▶ _What the task requires_
Set down, word for word, every line of the material below from the one containing "by GreenHaven Gardens" through the one containing "Lululemon reversible running shorts", but none of its pictures.

▶ _Provided data_
=-=-=

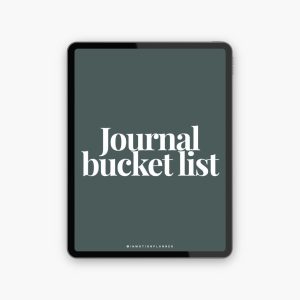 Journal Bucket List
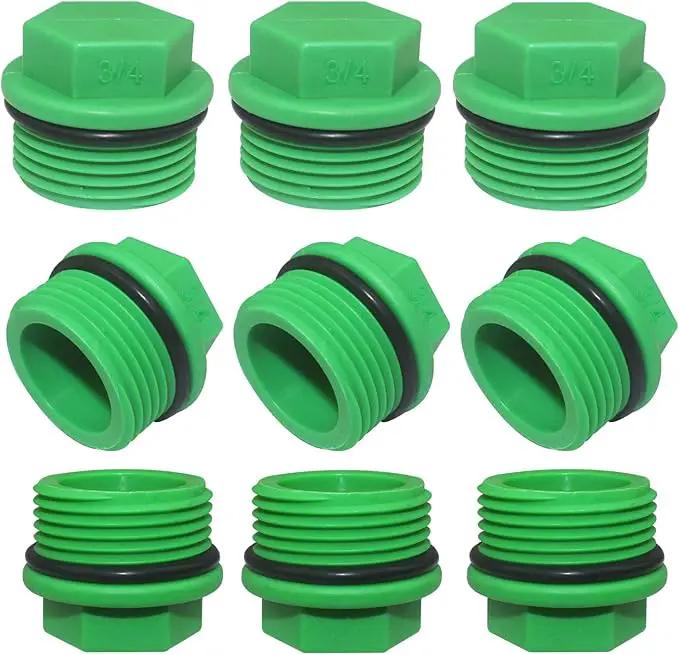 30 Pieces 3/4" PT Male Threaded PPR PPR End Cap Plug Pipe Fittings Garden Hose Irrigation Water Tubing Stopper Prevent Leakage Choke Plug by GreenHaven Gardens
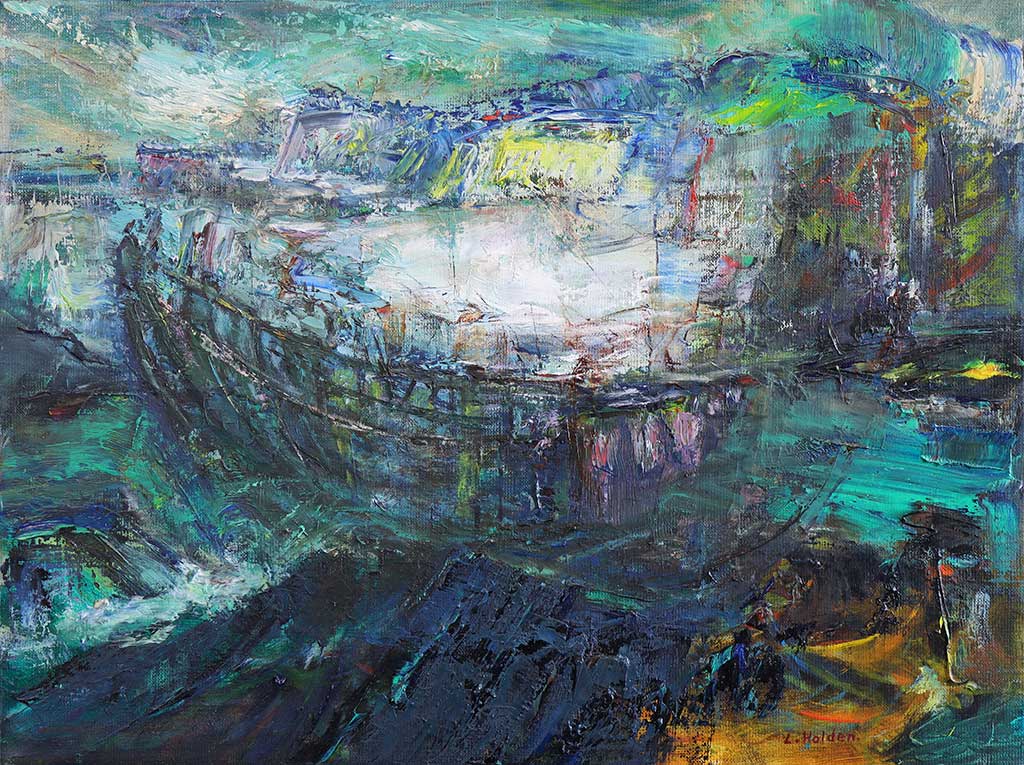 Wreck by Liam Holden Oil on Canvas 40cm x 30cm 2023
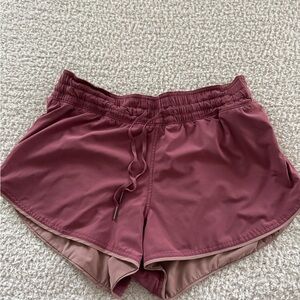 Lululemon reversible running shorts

=-=-=

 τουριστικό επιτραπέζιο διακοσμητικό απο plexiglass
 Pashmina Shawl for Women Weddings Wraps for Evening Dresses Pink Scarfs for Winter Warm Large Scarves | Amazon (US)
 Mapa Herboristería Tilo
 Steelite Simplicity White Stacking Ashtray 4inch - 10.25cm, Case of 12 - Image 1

=-=-=

▶ _Answer to the problem_
 30 Pieces 3/4" PT Male Threaded PPR PPR End Cap Plug Pipe Fittings Garden Hose Irrigation Water Tubing Stopper Prevent Leakage Choke Plug by GreenHaven Gardens
 Wreck by Liam Holden Oil on Canvas 40cm x 30cm 2023
 Lululemon reversible running shorts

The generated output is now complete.